Using the records that follow, work out how many lines hold the string "Driving" and provide that number only.

# DATA SHOWN
- Opening Delimiter -

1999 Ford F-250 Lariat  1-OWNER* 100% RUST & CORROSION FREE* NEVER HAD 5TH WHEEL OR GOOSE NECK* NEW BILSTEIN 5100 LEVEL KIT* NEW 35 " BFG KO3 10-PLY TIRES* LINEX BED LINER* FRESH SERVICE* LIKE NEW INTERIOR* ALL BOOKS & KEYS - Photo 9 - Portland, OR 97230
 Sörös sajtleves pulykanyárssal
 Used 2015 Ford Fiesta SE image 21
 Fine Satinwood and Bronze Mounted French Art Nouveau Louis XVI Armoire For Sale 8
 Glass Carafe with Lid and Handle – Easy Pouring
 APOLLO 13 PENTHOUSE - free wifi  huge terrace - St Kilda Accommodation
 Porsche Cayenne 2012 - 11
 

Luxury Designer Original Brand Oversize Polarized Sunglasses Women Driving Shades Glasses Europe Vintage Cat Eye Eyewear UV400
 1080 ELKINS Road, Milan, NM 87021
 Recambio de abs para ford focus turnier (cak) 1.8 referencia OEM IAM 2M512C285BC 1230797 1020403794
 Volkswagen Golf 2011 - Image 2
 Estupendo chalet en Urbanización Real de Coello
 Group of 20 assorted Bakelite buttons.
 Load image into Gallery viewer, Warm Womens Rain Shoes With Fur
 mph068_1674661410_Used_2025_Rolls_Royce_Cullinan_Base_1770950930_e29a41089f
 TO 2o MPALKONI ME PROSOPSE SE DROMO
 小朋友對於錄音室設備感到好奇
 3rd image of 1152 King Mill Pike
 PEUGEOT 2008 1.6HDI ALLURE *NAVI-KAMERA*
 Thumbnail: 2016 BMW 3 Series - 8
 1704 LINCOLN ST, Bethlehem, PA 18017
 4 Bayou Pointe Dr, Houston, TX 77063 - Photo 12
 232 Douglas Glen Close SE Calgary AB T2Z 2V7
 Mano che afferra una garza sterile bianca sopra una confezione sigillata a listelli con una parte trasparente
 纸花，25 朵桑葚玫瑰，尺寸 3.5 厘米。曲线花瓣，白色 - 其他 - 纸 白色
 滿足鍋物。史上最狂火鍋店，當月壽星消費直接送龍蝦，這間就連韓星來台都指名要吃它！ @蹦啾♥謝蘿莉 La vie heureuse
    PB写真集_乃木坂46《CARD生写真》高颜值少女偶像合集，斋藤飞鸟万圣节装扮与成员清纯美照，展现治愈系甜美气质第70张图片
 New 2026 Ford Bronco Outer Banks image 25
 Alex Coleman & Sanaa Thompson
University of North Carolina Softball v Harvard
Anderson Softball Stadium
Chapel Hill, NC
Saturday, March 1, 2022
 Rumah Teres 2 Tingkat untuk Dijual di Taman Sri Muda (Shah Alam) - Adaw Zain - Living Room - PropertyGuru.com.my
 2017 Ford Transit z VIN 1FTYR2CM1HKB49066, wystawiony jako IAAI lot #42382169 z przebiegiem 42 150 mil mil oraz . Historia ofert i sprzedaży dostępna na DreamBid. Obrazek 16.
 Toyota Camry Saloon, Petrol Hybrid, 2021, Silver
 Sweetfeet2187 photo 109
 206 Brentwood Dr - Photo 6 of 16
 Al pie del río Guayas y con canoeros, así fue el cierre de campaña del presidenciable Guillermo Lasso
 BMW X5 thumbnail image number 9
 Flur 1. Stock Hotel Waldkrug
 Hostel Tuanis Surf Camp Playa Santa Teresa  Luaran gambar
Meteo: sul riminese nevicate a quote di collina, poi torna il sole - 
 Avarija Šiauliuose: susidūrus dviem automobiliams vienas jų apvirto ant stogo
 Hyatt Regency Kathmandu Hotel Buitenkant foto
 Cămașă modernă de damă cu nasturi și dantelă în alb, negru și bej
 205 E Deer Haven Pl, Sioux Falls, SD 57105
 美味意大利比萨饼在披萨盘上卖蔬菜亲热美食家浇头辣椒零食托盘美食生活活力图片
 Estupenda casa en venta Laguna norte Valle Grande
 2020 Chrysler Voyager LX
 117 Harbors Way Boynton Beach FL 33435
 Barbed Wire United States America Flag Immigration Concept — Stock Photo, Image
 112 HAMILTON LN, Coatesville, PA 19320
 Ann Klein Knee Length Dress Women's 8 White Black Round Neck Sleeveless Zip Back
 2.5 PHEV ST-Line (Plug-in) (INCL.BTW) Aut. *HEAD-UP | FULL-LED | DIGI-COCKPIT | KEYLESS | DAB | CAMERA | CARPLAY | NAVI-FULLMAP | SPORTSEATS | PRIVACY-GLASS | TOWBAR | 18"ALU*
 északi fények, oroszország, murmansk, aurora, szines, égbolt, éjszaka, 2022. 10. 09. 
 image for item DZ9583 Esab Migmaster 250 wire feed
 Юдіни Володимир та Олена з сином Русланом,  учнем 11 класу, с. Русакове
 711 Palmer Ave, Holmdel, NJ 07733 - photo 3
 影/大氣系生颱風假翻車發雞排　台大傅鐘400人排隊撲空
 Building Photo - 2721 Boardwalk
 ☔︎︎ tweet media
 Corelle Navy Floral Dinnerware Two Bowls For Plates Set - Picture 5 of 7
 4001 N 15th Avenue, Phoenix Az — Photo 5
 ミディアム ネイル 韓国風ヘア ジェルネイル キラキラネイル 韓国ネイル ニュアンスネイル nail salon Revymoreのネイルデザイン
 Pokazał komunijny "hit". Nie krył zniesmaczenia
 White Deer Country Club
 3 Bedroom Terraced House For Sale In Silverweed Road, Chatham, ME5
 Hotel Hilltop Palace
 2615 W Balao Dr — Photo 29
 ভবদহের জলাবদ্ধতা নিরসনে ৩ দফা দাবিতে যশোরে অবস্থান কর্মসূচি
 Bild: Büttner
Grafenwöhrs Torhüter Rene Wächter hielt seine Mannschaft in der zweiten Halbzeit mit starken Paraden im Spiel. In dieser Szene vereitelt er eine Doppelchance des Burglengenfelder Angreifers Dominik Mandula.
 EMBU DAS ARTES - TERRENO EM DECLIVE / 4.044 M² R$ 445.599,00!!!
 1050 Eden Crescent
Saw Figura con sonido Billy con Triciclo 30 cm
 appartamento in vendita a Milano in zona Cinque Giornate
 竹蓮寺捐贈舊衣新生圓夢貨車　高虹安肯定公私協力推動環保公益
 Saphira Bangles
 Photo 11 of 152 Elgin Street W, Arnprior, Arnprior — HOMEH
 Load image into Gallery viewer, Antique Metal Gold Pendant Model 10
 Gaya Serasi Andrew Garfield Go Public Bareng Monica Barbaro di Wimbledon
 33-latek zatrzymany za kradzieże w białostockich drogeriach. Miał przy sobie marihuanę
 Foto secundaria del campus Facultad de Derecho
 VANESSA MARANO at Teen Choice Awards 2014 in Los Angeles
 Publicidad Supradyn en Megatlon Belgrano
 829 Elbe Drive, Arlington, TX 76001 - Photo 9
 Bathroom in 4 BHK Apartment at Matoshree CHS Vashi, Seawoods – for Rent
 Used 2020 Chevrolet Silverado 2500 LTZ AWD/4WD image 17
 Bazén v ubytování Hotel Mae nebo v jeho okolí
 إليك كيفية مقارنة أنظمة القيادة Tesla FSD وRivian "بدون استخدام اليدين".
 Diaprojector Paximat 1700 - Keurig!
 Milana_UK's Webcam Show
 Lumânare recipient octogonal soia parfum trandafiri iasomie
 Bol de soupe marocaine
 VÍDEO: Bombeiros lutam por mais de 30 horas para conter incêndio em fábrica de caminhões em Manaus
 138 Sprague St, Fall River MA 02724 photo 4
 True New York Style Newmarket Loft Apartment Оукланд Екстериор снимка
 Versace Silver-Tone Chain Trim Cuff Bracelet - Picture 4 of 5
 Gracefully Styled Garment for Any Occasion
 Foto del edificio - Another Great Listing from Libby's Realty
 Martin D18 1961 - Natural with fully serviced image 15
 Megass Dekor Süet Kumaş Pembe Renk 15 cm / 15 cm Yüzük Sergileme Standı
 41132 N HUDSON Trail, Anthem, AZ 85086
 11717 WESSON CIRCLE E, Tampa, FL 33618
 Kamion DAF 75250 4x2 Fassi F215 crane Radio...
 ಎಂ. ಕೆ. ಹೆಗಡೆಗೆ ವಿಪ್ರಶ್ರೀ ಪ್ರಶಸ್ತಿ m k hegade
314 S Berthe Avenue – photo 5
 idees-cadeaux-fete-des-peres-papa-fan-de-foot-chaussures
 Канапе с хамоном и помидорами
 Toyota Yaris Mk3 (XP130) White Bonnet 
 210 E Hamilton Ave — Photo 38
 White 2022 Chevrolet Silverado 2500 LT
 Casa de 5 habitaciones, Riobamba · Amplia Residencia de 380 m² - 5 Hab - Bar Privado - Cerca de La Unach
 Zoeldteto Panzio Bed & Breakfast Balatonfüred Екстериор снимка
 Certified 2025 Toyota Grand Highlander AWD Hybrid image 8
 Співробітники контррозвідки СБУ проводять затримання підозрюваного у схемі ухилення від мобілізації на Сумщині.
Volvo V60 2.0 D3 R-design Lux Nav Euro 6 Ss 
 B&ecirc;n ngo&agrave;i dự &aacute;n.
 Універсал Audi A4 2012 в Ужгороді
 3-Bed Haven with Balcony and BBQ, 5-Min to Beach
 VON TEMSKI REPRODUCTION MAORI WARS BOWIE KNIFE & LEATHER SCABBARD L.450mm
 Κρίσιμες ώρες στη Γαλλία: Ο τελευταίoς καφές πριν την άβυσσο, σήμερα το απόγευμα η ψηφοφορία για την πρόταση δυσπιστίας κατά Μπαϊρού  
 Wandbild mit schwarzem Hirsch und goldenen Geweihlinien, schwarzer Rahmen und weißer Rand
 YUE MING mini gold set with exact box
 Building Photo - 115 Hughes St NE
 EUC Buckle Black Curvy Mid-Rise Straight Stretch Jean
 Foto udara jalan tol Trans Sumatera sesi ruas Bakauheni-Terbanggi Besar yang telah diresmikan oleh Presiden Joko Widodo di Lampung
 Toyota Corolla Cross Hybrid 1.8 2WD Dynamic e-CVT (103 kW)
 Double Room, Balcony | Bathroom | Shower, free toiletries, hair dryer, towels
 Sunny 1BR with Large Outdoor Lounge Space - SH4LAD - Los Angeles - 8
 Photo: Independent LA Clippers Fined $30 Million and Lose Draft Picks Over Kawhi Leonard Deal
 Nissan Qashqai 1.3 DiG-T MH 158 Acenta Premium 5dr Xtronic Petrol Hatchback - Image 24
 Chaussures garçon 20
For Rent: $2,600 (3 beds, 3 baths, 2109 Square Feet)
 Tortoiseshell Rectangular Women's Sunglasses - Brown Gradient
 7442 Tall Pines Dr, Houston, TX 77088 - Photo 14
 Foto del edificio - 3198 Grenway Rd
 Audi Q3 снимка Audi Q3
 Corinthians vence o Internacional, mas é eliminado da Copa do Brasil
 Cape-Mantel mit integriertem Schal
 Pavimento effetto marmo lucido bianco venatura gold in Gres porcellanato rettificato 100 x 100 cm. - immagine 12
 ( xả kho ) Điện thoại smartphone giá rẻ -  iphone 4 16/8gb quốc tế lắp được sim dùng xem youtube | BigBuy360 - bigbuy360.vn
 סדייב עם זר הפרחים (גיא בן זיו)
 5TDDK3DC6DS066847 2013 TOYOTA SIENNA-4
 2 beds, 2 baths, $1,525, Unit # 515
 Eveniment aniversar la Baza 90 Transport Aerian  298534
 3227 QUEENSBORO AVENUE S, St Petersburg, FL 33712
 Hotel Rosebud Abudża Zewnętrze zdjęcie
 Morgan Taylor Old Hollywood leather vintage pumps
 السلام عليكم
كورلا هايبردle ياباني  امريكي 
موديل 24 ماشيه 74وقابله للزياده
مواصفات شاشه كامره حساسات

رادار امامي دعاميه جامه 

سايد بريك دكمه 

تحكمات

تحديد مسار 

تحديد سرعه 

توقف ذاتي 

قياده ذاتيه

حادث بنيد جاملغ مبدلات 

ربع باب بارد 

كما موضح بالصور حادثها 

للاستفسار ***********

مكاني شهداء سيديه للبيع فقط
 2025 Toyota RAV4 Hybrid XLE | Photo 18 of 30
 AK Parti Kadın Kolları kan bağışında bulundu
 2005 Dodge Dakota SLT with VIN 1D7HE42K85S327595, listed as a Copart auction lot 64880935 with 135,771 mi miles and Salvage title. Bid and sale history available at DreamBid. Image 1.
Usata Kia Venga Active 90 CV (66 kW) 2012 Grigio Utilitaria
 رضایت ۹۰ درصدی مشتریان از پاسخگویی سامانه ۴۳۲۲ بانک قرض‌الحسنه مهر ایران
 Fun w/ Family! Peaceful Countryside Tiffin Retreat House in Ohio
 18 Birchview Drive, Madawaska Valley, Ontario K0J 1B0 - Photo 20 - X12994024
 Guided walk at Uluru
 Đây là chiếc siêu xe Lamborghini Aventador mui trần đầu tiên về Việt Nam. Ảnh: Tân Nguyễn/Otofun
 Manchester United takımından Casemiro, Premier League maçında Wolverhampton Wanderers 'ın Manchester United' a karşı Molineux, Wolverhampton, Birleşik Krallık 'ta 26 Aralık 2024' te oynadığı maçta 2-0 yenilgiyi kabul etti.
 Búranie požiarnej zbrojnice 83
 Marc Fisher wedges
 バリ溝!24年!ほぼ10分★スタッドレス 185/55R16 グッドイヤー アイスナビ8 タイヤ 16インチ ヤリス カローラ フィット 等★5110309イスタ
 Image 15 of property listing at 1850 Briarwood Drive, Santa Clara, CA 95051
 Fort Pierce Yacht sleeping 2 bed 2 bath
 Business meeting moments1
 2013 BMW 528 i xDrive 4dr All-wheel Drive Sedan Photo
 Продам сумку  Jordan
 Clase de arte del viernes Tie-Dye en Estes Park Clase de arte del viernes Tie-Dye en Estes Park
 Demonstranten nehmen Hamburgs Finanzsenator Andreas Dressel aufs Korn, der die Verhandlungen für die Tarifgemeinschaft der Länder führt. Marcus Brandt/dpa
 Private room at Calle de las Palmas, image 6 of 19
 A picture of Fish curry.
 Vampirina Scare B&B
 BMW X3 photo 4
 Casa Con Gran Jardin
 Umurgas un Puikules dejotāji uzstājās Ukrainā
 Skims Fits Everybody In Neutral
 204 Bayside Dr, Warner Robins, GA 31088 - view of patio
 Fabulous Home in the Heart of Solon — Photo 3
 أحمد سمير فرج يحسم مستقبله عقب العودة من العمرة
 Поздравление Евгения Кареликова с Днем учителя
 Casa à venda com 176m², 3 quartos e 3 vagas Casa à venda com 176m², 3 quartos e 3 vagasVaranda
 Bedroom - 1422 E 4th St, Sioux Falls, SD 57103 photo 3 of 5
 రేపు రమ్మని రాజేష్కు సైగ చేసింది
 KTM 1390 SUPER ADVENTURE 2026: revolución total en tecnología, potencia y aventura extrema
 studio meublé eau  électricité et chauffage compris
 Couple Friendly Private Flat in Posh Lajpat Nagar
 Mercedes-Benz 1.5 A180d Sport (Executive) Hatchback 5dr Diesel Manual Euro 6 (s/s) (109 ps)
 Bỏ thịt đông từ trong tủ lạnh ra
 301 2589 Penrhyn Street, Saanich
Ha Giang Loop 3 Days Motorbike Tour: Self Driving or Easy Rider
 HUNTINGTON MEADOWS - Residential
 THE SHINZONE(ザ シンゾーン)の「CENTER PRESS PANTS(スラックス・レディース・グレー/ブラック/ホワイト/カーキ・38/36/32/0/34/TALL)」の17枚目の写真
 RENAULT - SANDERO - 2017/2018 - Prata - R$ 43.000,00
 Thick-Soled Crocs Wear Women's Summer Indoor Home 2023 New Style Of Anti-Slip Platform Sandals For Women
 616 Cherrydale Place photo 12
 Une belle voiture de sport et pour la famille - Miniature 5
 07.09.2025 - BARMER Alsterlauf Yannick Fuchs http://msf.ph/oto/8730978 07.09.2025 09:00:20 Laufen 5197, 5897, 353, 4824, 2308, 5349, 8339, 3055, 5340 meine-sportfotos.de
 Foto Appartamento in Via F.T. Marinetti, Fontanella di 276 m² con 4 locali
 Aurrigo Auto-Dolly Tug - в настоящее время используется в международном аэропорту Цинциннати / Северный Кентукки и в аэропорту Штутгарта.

- Closing Delimiter -

# OUTPUT FOR THIS TASK
2